In the new version of the code, I cut out all the virtual methods completely, sticking to bare C++ method calls. I inlined a lot of these, leaving the game with fewer longer methods but without the need for the CPU to constantly be jumping around to figure out what to do.
Templates are slow (to build)
Templates were introduced to C++ in order to help make parts of the code generic with respect to type. For example, the supplied vector type in C++ is a template type, meaning that we can store multiple different types of objects in the same data structure. This allows us to seperate two concerns: the way the object is stored and how it works, which partitions complexity for our minds.
Templates reduce the number of lines of code in our programs. They are harder to understand when reading them later, but the bigger disadvantage is that they slow down build time. The compiler has to effectively copy all the code each time for each template and do a lot of processing in order to produce efficient executables out of them.
By cutting out all the templates from my code (including all uses of the C++ Standard Template Library), I’ve cut down the full build time of the entire game to about 4 seconds. With a debug loop as short as this, I barely have time to sip my tea before I’m testing the code I just wrote, and I can change headers without having to wait 10 minutes for a new build to compile.
Encapsulation can be unhelpful
Encapsultation is the packing of functions and data into one component. It is one of the fundamental concepts behing Object Oriented programming.

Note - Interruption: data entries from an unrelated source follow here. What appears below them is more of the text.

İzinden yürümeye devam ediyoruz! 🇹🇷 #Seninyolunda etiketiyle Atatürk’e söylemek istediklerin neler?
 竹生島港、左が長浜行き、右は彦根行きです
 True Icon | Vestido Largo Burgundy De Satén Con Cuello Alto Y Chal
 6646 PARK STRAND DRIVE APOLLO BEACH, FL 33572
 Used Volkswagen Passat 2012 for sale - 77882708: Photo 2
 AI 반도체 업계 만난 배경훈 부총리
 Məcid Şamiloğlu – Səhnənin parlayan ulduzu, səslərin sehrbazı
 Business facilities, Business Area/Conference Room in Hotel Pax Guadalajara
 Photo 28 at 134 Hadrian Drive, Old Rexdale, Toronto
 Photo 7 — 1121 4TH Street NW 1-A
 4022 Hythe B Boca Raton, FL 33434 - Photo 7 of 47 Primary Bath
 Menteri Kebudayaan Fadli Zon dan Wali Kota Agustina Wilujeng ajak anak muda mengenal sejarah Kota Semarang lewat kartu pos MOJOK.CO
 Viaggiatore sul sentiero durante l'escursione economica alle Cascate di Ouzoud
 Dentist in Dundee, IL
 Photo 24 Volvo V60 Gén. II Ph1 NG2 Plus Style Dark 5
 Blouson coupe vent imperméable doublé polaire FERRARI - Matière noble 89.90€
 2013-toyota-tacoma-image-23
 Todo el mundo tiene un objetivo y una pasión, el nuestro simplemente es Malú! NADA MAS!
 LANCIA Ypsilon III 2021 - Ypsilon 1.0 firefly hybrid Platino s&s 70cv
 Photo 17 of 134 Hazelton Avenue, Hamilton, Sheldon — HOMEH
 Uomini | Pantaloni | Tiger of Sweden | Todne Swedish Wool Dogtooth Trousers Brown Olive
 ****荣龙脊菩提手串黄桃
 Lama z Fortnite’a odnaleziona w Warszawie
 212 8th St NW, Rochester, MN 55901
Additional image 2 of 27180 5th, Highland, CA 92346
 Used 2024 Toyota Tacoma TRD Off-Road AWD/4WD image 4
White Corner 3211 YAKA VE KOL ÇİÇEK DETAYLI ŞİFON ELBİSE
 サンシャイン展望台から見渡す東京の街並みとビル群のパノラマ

Much of encapsulation in C++ (and other OO languages) is promoted through the use of classes with private members to hide data from outside code.
Promoting encapsulation is held up as a pillar of good code design. However, I think we might be doing encapsulation wrong. I don’t think encapsulation should be at the class or method boundary, but at the data boundary.
Essentially I’m advocating a switch from this style of coding:
To this style:
It’s important to get our architecture right. We encapsulate concepts in the correct sections of our program and ensure data flows well through the various pieces. If we use simple value objects (perhaps arrays of data) as the handoff between different sections of our program, calling methods that transform data between different types, then our code becomes more isolated and easier to reason about. It’s also far easier to parallelise.
Incorrect encapsulation is worse than no encapsulation at all. Hiding data behind code limits what the calling code can do. Those constraints can be helpful, but they can also hinder us. If we get the architecture right and use data structures to provide bounded contexts to our code, rather than layers of method abstraction, then we have less need to hide our data from others.
By rearchitecting my application to not require callbacks at all, I’ve made it simpler to test and debug. There’s less code reuse, but inevitably the concepts I thought were duplicated were actually subtly different. I’m also treating the data in batches, looping through arrays of small amounts of data rather than arrays of objects. Rather than one big loop bouncing up and down the layers of abstraction for each object (exacerbating the method call overhead, which is further increased if we are using virtual methods), I have multiple loops doing one small stage of data transformation each time.
There are no methods in classes: it’s all public structs and functions. I still have encapsulation, because each stage of data transformation is distinct from the others, but I’ve no need to hide my data behind code.
There are some bits of C++ I find useful. Operator overloading is helpful to clean up verbose code, for example. I still compile my ‘mostly C’ code using a modern C++ compiler.
It’s the paradigms that C++ promotes and supports through its language features that aren’t for me, and I’ve doubled the speed of my code as a result.